■ Exercise prompt ■
Could you transcribe all the entries exactly, omitting the pictures?

■ Excerpted records ■

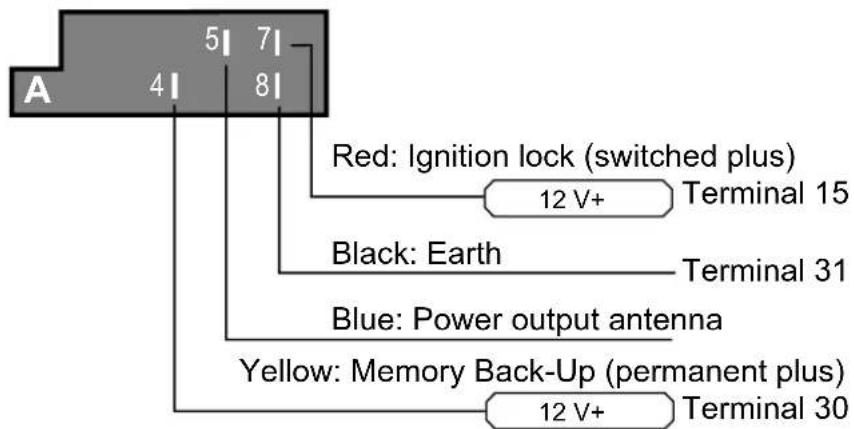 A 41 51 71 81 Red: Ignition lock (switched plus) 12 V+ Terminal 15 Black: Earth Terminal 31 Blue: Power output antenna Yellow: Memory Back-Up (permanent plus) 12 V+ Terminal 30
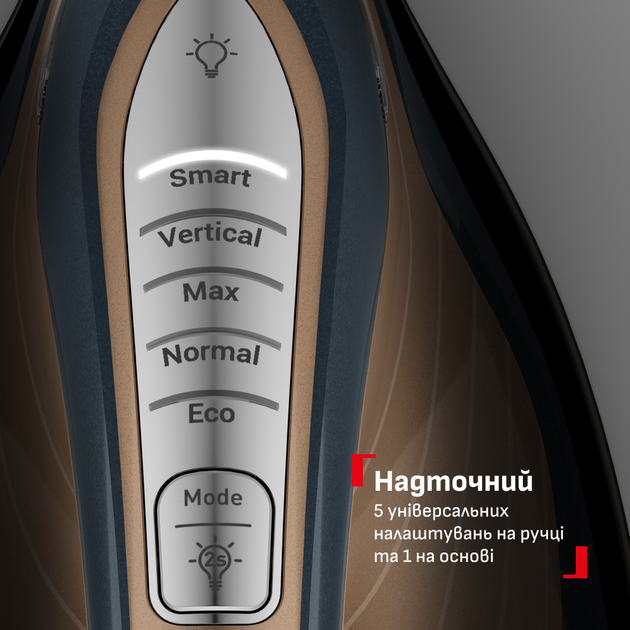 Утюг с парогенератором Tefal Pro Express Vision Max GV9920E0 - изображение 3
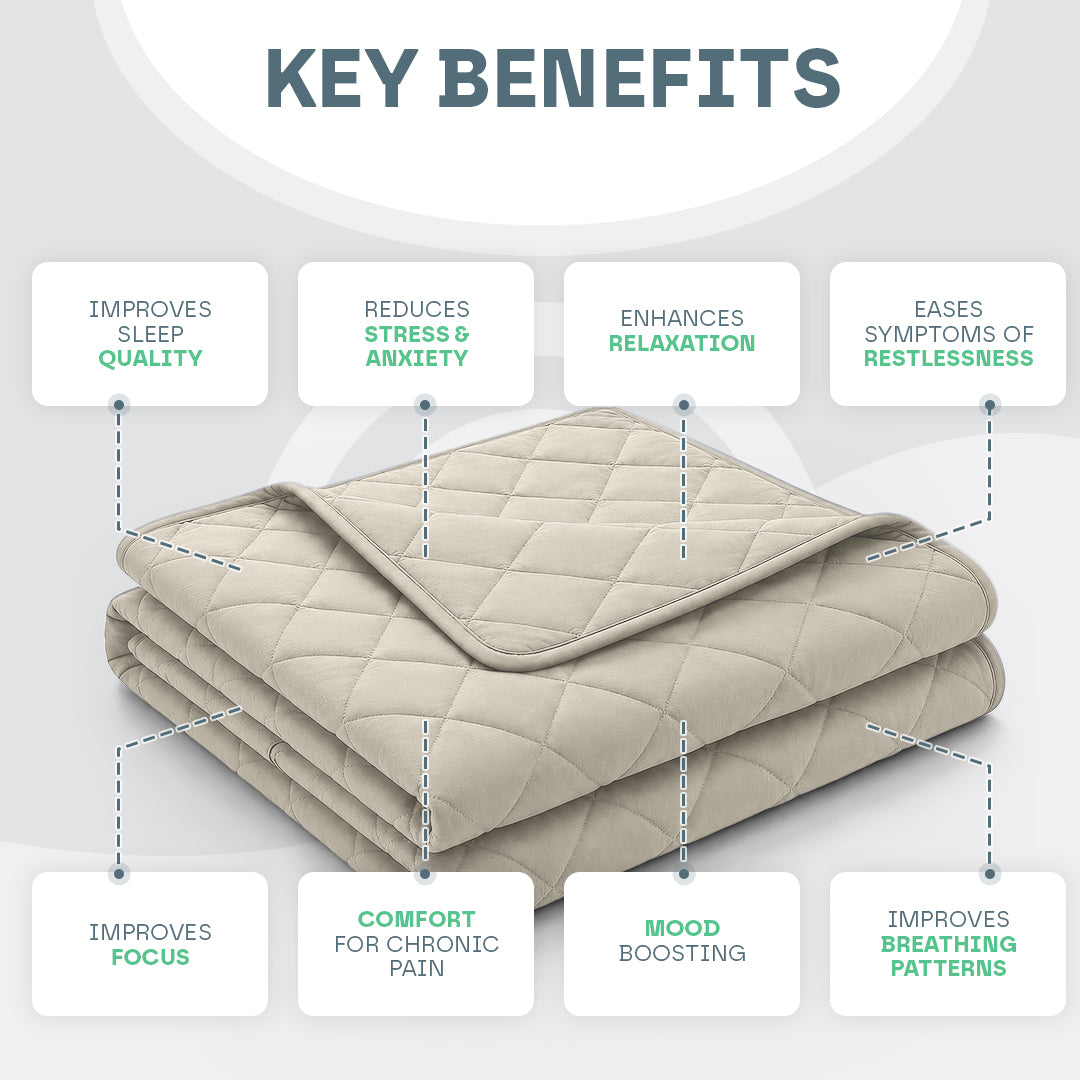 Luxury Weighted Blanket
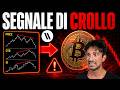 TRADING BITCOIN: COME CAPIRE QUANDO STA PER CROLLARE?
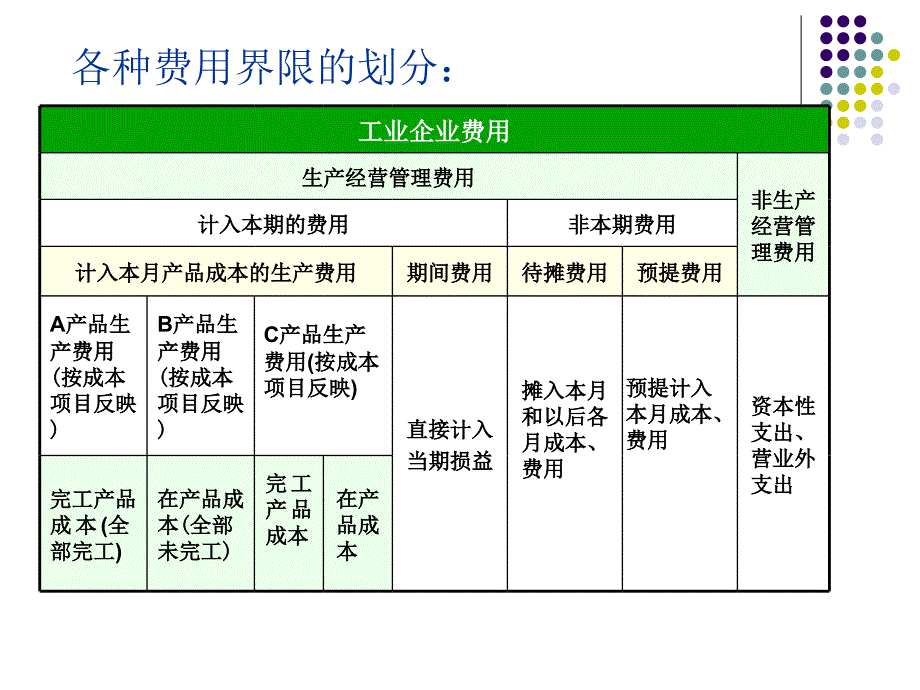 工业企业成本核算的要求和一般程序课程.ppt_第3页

■ Problem solution ■
 A 41 51 71 81 Red: Ignition lock (switched plus) 12 V+ Terminal 15 Black: Earth Terminal 31 Blue: Power output antenna Yellow: Memory Back-Up (permanent plus) 12 V+ Terminal 30
 Утюг с парогенератором Tefal Pro Express Vision Max GV9920E0 - изображение 3
 Luxury Weighted Blanket
 TRADING BITCOIN: COME CAPIRE QUANDO STA PER CROLLARE?
 工业企业成本核算的要求和一般程序课程.ppt_第3页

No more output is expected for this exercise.